The bull case for Lucid Motors
In Q4 of 2021, Lucid Motors began production and shipments of the Lucid Air from its purpose-built factory in Arizona. The Lucid Air is the world’s first battery-powered vehicle with a range of over 500 miles on a single charge. The company ended 2021 with 25,000 reservations and $2.4 billion in potential sales.
Lucid Motors has an installed annual production capacity of 34,000 units and around 20 studio and service centers. At the end of December 2021, Lucid Motors had a cash balance of $6.2 billion while it expected to pump in $400 million in capital expenditures this year.
In 2022 the company disclosed plans to build its first international manufacturing facility in the Kingdom of Saudi Arabia, which will be ready by 2025. Further, Lucid Motor’s AMP-1 Phase 2 expansion is already underway and will expand its manufacturing capabilities to accommodate 90,000 units each year. In Q4 of 2021, Lucid Motors strengthened its balance sheet with the issuance of a convertible green bond offering that totaled $2 billion.
What next for LCID investors?
Lucid Motors reported revenue of $26.4 million in Q4 which included $21.3 million from deliveries of the Lucid Air Dream Edition. The company has already delivered 400 vehicles as of February 2022. It confirmed the 2.85 million square foot expansion of the Casa Grande manufacturing facility in Arizona remains on track and expects to manufacture and ship between 12,000 and 14,000 vehicles in 2022.
Company CEO and CTO Peter Rawlinson explained, “We are at the precipice of a global transition toward electric vehicles, and Lucid, with our leading technology and design, is at the forefront of one of the most significant transformations in mobility in generations…..Looking ahead, we're updating our outlook for 2022 production to a range of 12,000 to 14,000 vehicles.”
Lucid also remains on track to expand its footprint in Europe and the Middle East this year and estimates the manufacturing plant in Saudi Arabia to add $3.4 billion of value in the next 15 years.
Is LCID stock still overvalued?
Analysts tracking LCID stock expect the company to increase sales by 4,900% to $1.35 billion and by 190% to $3.91 billion. Comparatively, its loss per share is forecast to narrow from $4.92 in 2021 to $0.84 per share.
So, we can that LCID stock is valued at a forward price to 2022 sales multiple of 28.6x and a price to 2023 sales multiple of 9.7x which is still expensive. Further, considering its outstanding share count of 1.65 billion, Lucid’s total losses will be close to $3.5 billion in the next two years.

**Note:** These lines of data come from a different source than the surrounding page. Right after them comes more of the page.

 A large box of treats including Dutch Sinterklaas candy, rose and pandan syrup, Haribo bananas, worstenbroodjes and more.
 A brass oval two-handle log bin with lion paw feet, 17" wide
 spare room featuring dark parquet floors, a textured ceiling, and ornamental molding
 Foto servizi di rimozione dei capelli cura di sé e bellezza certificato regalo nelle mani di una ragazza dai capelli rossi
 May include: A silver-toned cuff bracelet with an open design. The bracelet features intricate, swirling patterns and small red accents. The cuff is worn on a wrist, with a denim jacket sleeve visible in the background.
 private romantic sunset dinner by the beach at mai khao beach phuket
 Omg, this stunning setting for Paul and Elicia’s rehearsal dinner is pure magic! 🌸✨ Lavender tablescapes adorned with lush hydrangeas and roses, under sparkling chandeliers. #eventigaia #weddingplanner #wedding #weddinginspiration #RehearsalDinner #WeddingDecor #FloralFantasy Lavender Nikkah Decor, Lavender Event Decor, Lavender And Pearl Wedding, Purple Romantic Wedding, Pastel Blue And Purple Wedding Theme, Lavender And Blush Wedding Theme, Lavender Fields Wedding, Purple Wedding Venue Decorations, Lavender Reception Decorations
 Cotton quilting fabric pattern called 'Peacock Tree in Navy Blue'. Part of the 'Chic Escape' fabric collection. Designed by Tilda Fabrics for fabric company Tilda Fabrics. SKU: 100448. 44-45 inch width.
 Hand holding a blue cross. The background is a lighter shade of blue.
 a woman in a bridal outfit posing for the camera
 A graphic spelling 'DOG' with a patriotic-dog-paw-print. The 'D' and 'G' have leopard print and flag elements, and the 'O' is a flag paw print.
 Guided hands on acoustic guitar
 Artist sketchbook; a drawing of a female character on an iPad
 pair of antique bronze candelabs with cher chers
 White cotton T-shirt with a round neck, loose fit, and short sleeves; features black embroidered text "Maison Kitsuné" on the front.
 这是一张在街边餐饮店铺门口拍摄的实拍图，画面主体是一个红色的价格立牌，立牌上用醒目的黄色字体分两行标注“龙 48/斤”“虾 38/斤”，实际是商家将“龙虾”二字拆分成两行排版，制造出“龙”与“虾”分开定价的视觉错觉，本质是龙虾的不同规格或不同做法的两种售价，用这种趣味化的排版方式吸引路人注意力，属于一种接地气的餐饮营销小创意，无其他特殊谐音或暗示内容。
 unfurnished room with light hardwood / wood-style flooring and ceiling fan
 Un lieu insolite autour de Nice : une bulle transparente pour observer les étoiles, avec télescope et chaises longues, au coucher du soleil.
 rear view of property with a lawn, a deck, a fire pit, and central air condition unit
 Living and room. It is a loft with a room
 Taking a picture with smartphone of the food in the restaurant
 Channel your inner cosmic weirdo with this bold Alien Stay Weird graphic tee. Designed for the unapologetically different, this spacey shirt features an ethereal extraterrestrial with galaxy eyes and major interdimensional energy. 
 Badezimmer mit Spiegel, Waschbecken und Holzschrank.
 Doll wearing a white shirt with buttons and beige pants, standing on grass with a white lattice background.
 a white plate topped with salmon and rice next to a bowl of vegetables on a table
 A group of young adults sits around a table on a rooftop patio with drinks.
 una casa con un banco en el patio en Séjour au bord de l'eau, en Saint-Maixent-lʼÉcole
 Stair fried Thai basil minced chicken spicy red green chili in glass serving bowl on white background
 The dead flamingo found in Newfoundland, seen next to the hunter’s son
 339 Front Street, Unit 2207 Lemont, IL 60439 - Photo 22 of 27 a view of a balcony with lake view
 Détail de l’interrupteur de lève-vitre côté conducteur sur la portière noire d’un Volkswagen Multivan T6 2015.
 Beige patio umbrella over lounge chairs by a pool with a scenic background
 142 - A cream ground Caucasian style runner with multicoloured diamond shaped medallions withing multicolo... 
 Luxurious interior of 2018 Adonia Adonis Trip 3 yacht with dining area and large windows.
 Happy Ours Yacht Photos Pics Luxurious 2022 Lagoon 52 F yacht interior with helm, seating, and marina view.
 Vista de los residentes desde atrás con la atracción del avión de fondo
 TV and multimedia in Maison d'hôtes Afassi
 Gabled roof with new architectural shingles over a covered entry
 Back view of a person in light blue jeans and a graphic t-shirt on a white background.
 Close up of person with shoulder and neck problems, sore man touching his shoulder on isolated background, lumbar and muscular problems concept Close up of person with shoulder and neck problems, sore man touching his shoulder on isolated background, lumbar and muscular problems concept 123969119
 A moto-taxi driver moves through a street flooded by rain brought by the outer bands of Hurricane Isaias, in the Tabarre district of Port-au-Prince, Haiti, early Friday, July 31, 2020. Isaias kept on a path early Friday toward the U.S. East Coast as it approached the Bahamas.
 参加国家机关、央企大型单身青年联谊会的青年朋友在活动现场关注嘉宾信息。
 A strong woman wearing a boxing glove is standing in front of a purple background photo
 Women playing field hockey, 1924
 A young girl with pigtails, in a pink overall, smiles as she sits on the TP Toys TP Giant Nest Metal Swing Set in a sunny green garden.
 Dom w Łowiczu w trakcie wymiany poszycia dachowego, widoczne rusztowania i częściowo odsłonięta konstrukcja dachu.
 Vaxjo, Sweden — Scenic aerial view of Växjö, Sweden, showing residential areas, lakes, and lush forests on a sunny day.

The automobile sector is capital intensive which means Lucid Motors will have to burn billions of dollars to expand manufacturing facilities and benefit from economies of scale. Even EV giant Tesla (NASDAQ: TSLA) was close to bankruptcy in the last decade before it received funding and staged a turnaround.
So, for Lucid Motors to keep outpacing the broader market, it will have to consistently beat Wall Street expectations and deliver robust quarterly results amid increasing competition and the entry of legacy players with vast resources and meaningful expertise.
Disclaimer: The writer is an experienced financial consultant who writes for Finscreener.org. The observations he makes are his own and are not intended as investment or trading advice.